* WHAT IS BEING ASKED
In the entries that follow, the lines from the line containing "Image file: photo14.jpg" up to and including the line containing "Millpledge Understanding eye" must be copied exactly, with pictures omitted.

* AVAILABLE DATA
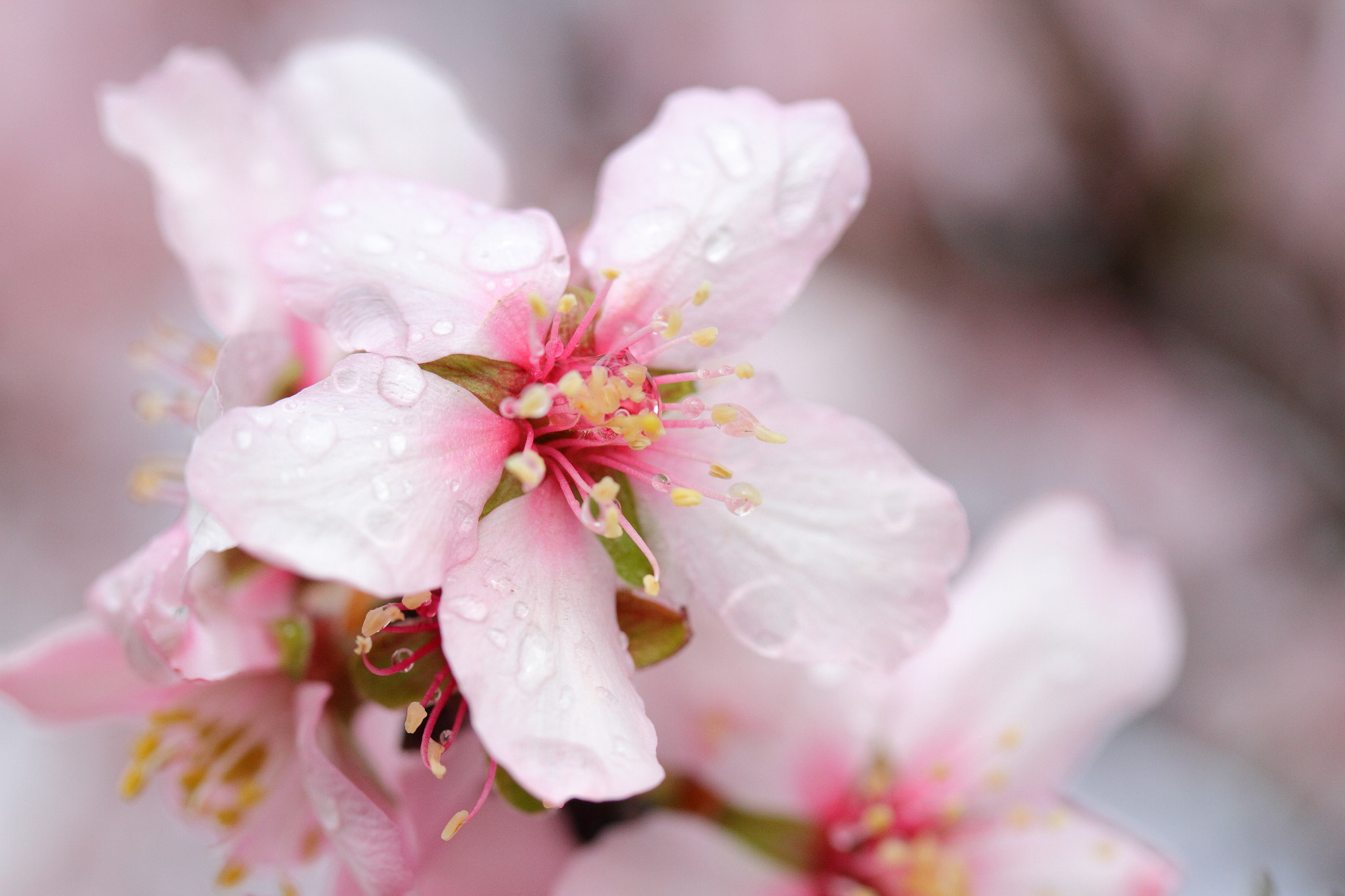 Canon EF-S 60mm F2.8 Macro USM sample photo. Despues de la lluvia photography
...
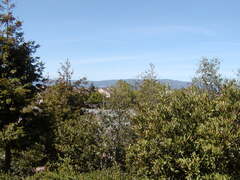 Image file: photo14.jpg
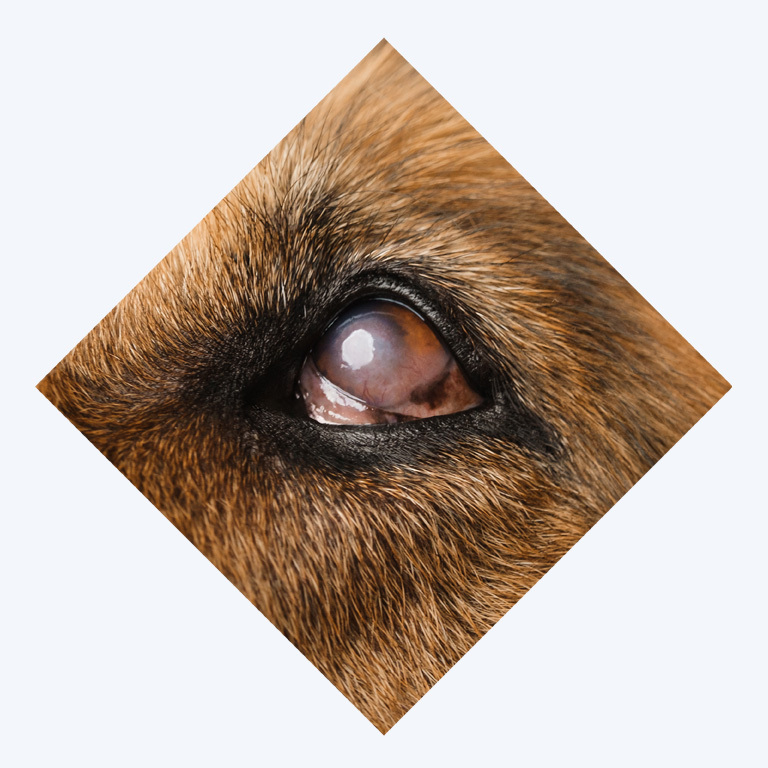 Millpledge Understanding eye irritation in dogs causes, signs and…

* FINISHED TASK
 Image file: photo14.jpg
 Millpledge Understanding eye irritation in dogs causes, signs and…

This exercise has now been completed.